Hot cross buns!
Hot cross buns!
One a penny, two a penny,
Hot cross buns!
Give them to your daughters.
Give them to your sons.
One a penny, two a penny,
Hot cross buns!
Hot cross buns!
One a penny, two a penny,
Hot cross buns!
Give them to your daughters.
Give them to your sons.
One a penny, two a penny,
Hot cross buns!
Hot cross buns are a type of yeast bread. Yeast is a living organism (a fungus to be exact), that is used to make bread dough rise. If you didn't use yeast, your bread would be small, flat and hard as a rock.
When you open a package of yeast and pour some out, it doesn't look like much. It certainly doesn't seem to do anything. The yeast is in a dormant state - it's still alive but it's not actually doing anything; kind of like being asleep.
To get the yeast going you'll need to do two things:
1 - warm up the yeast so that it "wakes" up
2 - give the yeast something to eat
Put the yeast in a flask or small-neck bottle.
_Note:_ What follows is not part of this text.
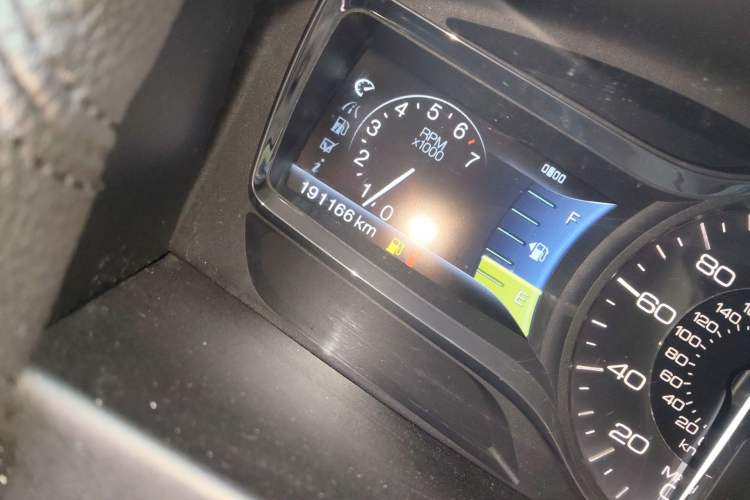 Used Lincoln MKX 2011 3.7L Automatic Gasoline 5-Seater U.S. Specification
Add some warm water (to wake up the yeast) and some sugar (to feed the yeast).
Stretch a balloon over the top of the flask/bottle and allow it to sit somewhere where everyone can keep an eye on it for the next hour or two.
As time passes, you'll notice the balloon filling up. It's catching the carbon dioxide the yeast is releasing. When you make bread, the yeast does the same thing, creating small pockets of air within the bread!
Activity 2: Does "Hot" Always Feel the Same?
Temperature can be a funny thing.... A 60 degree day in March feels fabulously warm and wonderful. That same temperature, in the middle of July, feels frigid. The temperature is the same, but the way in which it feels can vary depending upon our perspective.
Here's a way you can actually feel that principle at work in a matter of minutes.
You'll need three bowls:
--Fill one bowl with water and allow it to sit for about 5 minutes (or more) to reach room temperature.
--Fill the next bowl with water and add several ice cubes. Stir.
--Fill the final bowl with warm tap water. Aim for something that just feels warm on your wrist - you don't water so hot that it'll hurt you.
Arrange the bowls on the table so that the room temperature water is in the middle and the hot and cold water are on either side of it.
Place one hand in the warm water and the other hand in the cold water. Leave them there for about 20 seconds.
Remove your hands from the bowls and place them both in the middle (room temperature) bowl. How do they feel?
Even though they are now in the same water, the hand that was in the cold water feels warm and the hand that had been in the warm water feels cold.
The explanation....
You placed your hand in warm water. The energy (heat) moved from the water, which was hotter than your hand, to your hand, making it feel warm. Then you placed it in water that was colder than your (now warmed) hand. The energy (heat) left your hand and flowed into the water, leaving your hand feeling cold.
You placed your other hand in cold water. The energy (heat) moved from your hand into the cold water. When you placed that hand, with a reduced amount of heat energy, in the room temperature water, energy (heat) flowed from that water to you hand because there was more energy in the water than your hand.